The present study collected data from 136 patients, 82.4% of whom were female, generating a female-to-male ratio of 4.7:1. However, the female-to-male incidence ratio of intracranial ruptured aneurysms was between 1:1 and 2:1. In a 2001 study in Japan by Osawa et al (12), the female-to-male onset ratio was 1.46:1, and the ratio in the Taiwan region of China has been reported to be 1.47:1 (13). Given the higher female-to-male ratio in the present cohort, this may have resulted in a gender-bias compared with these previous studies. Therefore, the female-to-male ratio in patients with PCoA aneurysms associated with arteriosclerosis and calcification may be markedly different from that of the general population. Accordingly, the female-to-male ratio was similar to that of intracranial aneurysms with wall and neck calcification. For instance, Kizilkilic et al (14) studied a total of 103 patients (74% female) in 2016 with wall and neck calcification using flat-detector CT.

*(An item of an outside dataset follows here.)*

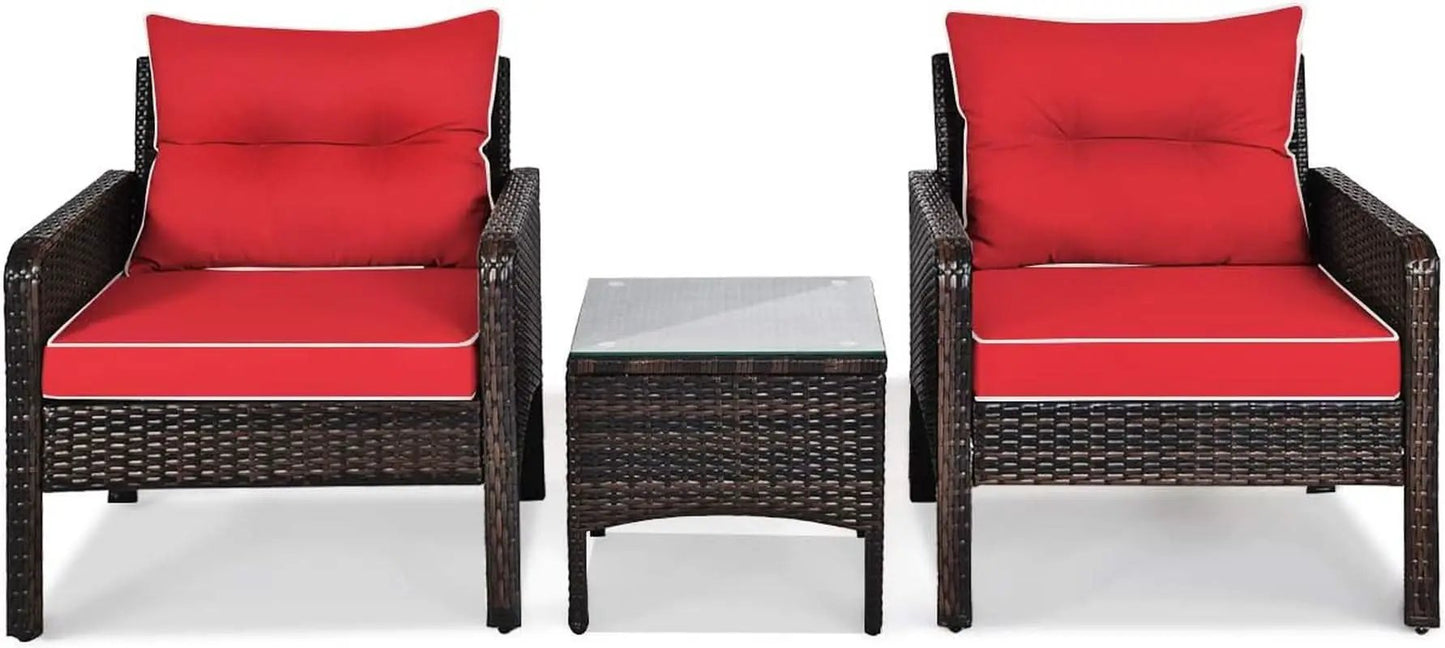 Red 3 Piece Outdoor Patio Furniture Set With Wicker Chairs And Glass Top Coffee Table from PriceLows™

Currently, two primary surgical treatments are used for intracranial aneurysms, namely, neurosurgical clipping and endovascular coiling (2). The International Subarachnoid Aneurysm Trial in 2015 indicated that these two methods were effective for the treatment of intracranial aneurysms (15). Currently, the surgical clipping of intracranial aneurysms is a popular treatment (16). Neurosurgical clipping can be affected by numerous factors, including the age and sex of the patient, the location and size of the aneurysm, and the extent of calcification or sclerosis of the aneurysm and parent artery (14). Among these factors, arteriosclerosis and calcification of the aneurysm and parent artery are particularly important. Intracranial PCoA aneurysms are often more affected by arteriosclerosis and calcification than aneurysms located in other sites, such as anterior communicating artery and middle cerebral artery, primarily due to the PCoA aneurysms originating from the internal carotid artery at the entrance to the skull, as this intracranial segment is more likely to exhibit arteriosclerosis and calcification (7,17).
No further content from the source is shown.